**Exercise prompt:**
Nothing but a full, exact copy of the data is needed.

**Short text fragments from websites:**

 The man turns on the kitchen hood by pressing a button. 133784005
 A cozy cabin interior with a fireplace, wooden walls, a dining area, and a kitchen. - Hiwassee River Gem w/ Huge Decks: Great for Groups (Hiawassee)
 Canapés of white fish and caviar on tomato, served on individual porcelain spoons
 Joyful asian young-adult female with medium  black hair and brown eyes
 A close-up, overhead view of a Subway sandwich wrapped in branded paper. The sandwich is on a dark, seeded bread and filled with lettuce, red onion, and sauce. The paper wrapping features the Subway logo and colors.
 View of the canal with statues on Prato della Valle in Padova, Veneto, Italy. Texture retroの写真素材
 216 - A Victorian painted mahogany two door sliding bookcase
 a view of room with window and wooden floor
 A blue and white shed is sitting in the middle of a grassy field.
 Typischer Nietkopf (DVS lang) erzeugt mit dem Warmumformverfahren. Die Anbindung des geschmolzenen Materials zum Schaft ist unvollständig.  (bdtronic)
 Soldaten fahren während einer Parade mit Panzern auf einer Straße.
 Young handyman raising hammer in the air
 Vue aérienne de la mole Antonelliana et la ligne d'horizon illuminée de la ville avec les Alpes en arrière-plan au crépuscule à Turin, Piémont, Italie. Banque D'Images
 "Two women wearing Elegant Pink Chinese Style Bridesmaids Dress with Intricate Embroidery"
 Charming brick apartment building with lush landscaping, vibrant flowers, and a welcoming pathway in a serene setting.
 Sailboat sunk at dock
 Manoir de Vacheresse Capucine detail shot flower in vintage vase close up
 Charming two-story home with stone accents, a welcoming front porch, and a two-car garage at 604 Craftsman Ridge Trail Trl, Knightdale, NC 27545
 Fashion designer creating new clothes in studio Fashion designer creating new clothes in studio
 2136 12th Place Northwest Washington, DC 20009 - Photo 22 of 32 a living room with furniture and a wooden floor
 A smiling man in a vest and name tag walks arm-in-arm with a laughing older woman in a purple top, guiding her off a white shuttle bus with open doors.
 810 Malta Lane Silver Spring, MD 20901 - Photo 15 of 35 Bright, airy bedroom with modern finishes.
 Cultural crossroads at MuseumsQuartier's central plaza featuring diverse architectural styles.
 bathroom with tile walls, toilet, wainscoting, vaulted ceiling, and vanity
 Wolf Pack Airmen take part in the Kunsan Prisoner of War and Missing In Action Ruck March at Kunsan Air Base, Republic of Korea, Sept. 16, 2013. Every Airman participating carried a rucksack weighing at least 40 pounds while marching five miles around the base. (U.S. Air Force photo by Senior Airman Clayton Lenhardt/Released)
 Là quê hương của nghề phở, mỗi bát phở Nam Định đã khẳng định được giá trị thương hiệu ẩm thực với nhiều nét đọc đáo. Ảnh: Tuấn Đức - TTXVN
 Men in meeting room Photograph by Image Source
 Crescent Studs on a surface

**Response area:**
 The man turns on the kitchen hood by pressing a button. 133784005
 A cozy cabin interior with a fireplace, wooden walls, a dining area, and a kitchen. - Hiwassee River Gem w/ Huge Decks: Great for Groups (Hiawassee)
 Canapés of white fish and caviar on tomato, served on individual porcelain spoons
 Joyful asian young-adult female with medium  black hair and brown eyes
 A close-up, overhead view of a Subway sandwich wrapped in branded paper. The sandwich is on a dark, seeded bread and filled with lettuce, red onion, and sauce. The paper wrapping features the Subway logo and colors.
 View of the canal with statues on Prato della Valle in Padova, Veneto, Italy. Texture retroの写真素材
 216 - A Victorian painted mahogany two door sliding bookcase
 a view of room with window and wooden floor
 A blue and white shed is sitting in the middle of a grassy field.
 Typischer Nietkopf (DVS lang) erzeugt mit dem Warmumformverfahren. Die Anbindung des geschmolzenen Materials zum Schaft ist unvollständig.  (bdtronic)
 Soldaten fahren während einer Parade mit Panzern auf einer Straße.
 Young handyman raising hammer in the air
 Vue aérienne de la mole Antonelliana et la ligne d'horizon illuminée de la ville avec les Alpes en arrière-plan au crépuscule à Turin, Piémont, Italie. Banque D'Images
 "Two women wearing Elegant Pink Chinese Style Bridesmaids Dress with Intricate Embroidery"
 Charming brick apartment building with lush landscaping, vibrant flowers, and a welcoming pathway in a serene setting.
 Sailboat sunk at dock
 Manoir de Vacheresse Capucine detail shot flower in vintage vase close up
 Charming two-story home with stone accents, a welcoming front porch, and a two-car garage at 604 Craftsman Ridge Trail Trl, Knightdale, NC 27545
 Fashion designer creating new clothes in studio Fashion designer creating new clothes in studio
 2136 12th Place Northwest Washington, DC 20009 - Photo 22 of 32 a living room with furniture and a wooden floor
 A smiling man in a vest and name tag walks arm-in-arm with a laughing older woman in a purple top, guiding her off a white shuttle bus with open doors.
 810 Malta Lane Silver Spring, MD 20901 - Photo 15 of 35 Bright, airy bedroom with modern finishes.
 Cultural crossroads at MuseumsQuartier's central plaza featuring diverse architectural styles.
 bathroom with tile walls, toilet, wainscoting, vaulted ceiling, and vanity
 Wolf Pack Airmen take part in the Kunsan Prisoner of War and Missing In Action Ruck March at Kunsan Air Base, Republic of Korea, Sept. 16, 2013. Every Airman participating carried a rucksack weighing at least 40 pounds while marching five miles around the base. (U.S. Air Force photo by Senior Airman Clayton Lenhardt/Released)
 Là quê hương của nghề phở, mỗi bát phở Nam Định đã khẳng định được giá trị thương hiệu ẩm thực với nhiều nét đọc đáo. Ảnh: Tuấn Đức - TTXVN
 Men in meeting room Photograph by Image Source
 Crescent Studs on a surface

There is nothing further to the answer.